Starting at the top of the listing, extract every line up to and including the one with "Improvements have been". Pictures stay out of the copy.

- **Supplied data**
• • • • •

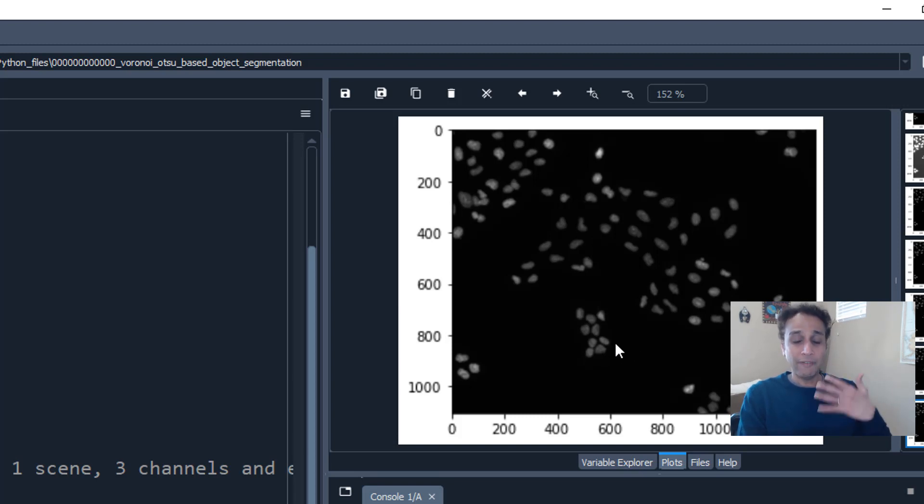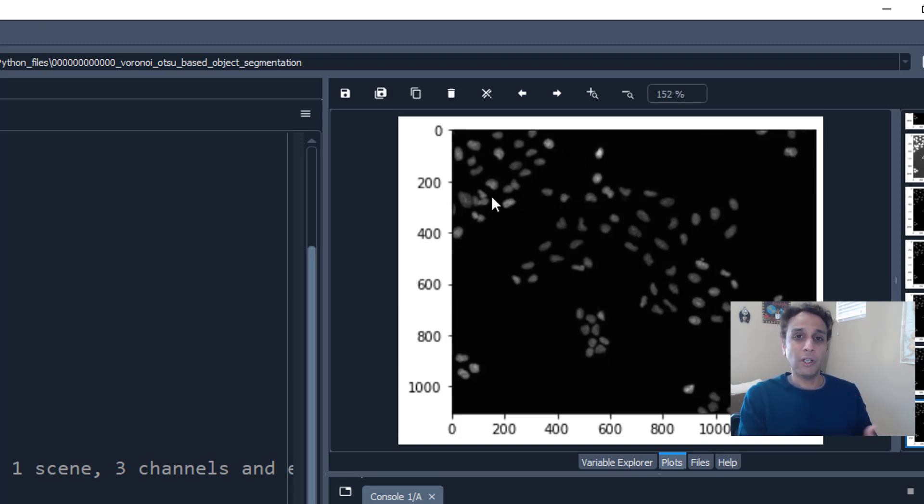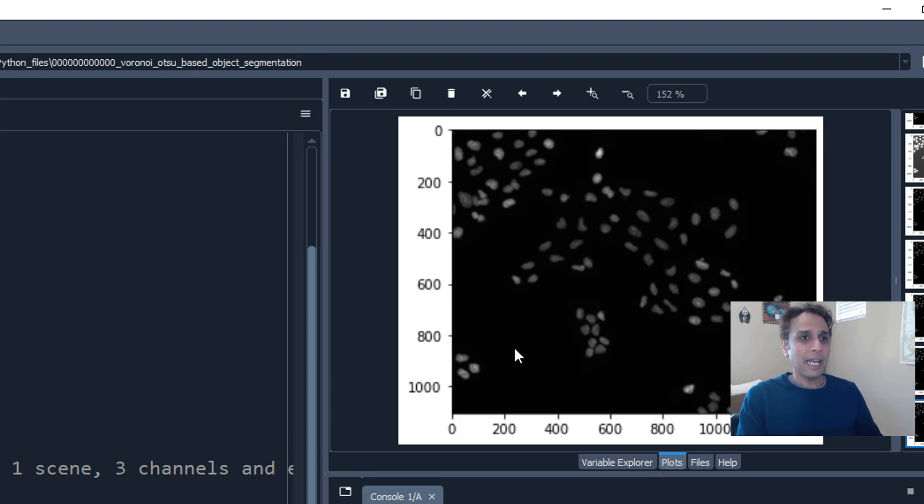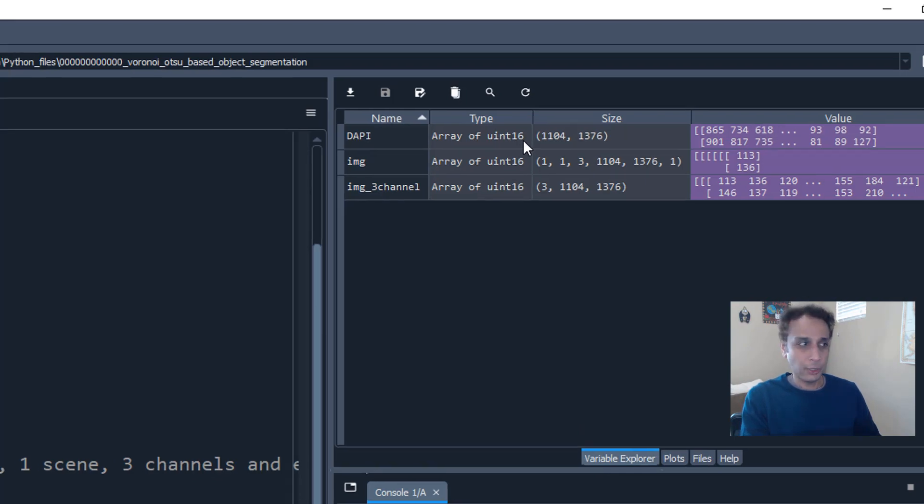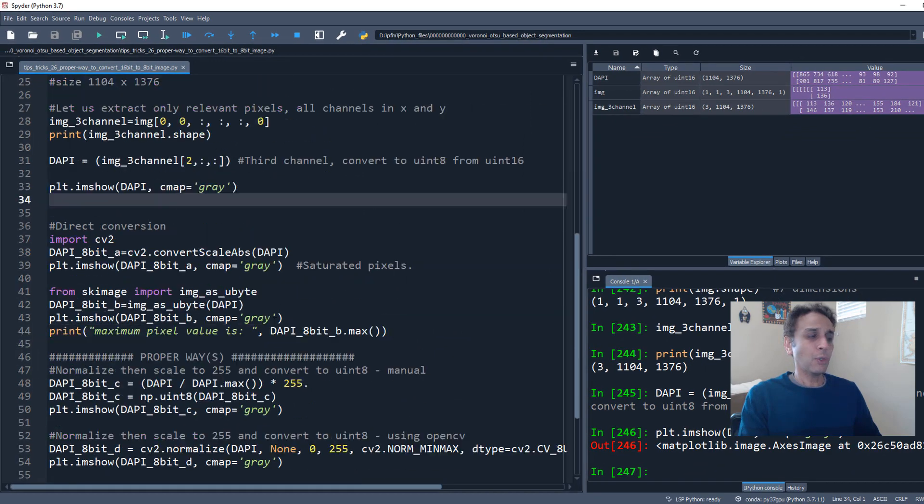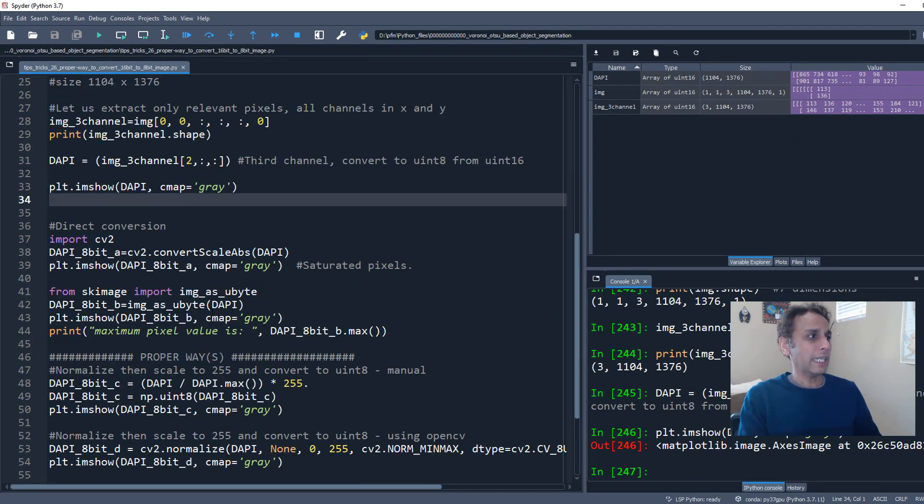And my goal eventually is to segment these nuclei, separate them, and get all the morphological parameters that I can. So for that, I do not need a 16-bit. If you look at my DAPI image, this is a 16-bit unsigned integer. I need to convert that into 8. So how do I do that?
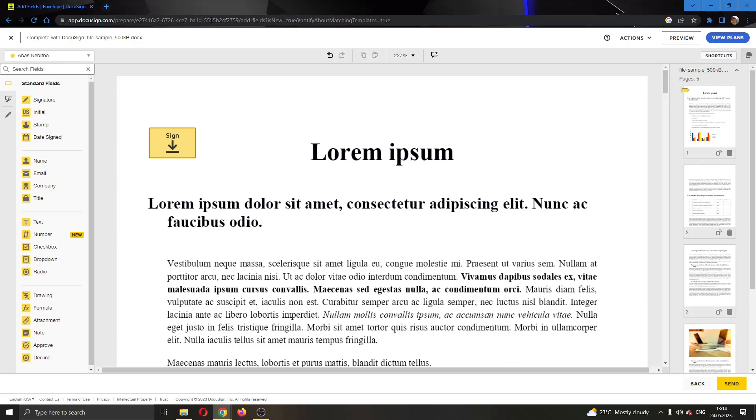That is how to add documents to DocuSign. I hope this video was helpful. If it was, make sure to leave a like and subscribe to the channel. Thank you for watching, take care and bye.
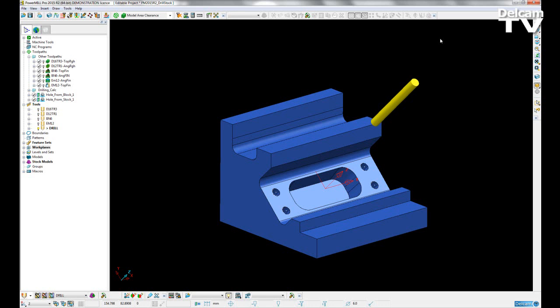Improvements have been made to drilling cycles in PowerMill 2015 R2. First of these is the ability to reference an existing stock model and stock model state for drilling height definition.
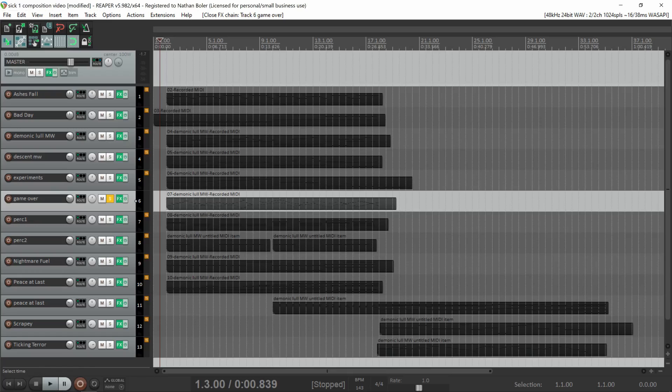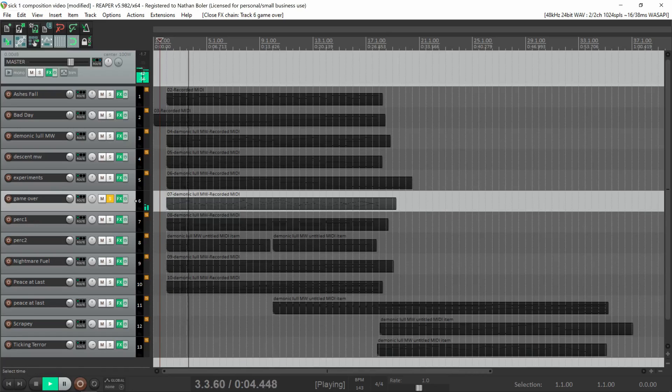This track is called Game Over and uses the convolution reverb for a reverse effect.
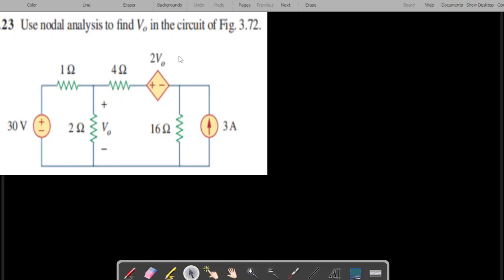We are going to solve problem 3.23 from Fundamentals of Electric Circuits by Alexander and Sadiku, 5th edition. The question is to find V0 using nodal analysis.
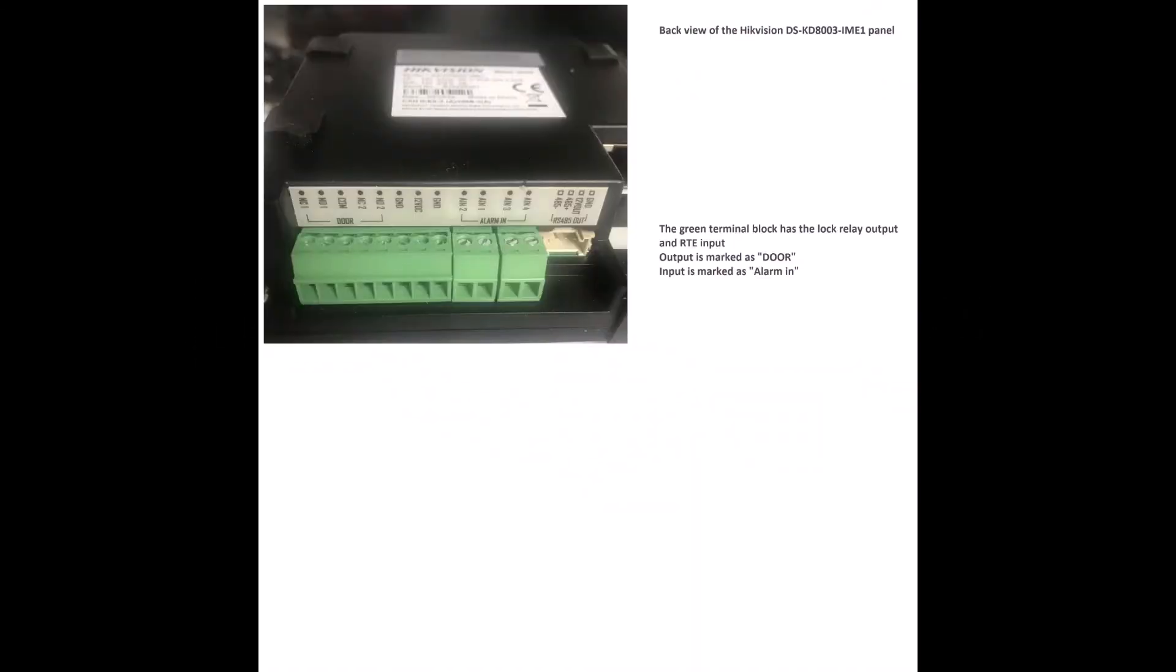All the connections are made on the green terminal strip on the back of the unit. Power for the mag lock or locking device comes from an external power source. Let's go through that.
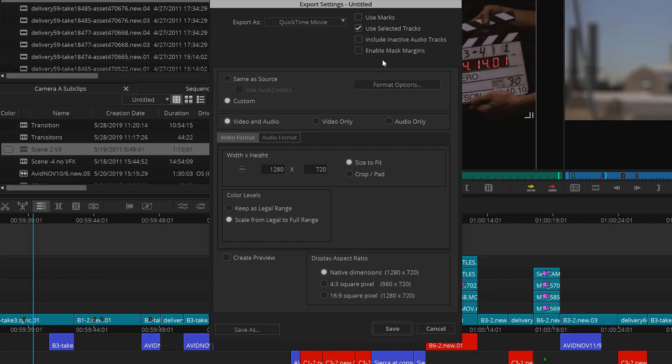I'm going to deselect use inactive audio tracks as I have no need for the tracks that I'm not using in this case. Enable mask margins is a setting that you would use if you're exporting with widescreen bars on the top or bottom, for example. You can set mask margins inside the editor to your own specs. We won't need it for this, so I'll deselect it.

• • • • •

- **Written response**
And my goal eventually is to segment these nuclei, separate them, and get all the morphological parameters that I can. So for that, I do not need a 16-bit. If you look at my DAPI image, this is a 16-bit unsigned integer. I need to convert that into 8. So how do I do that?
That is how to add documents to DocuSign. I hope this video was helpful. If it was, make sure to leave a like and subscribe to the channel. Thank you for watching, take care and bye.
Improvements have been made to drilling cycles in PowerMill 2015 R2. First of these is the ability to reference an existing stock model and stock model state for drilling height definition.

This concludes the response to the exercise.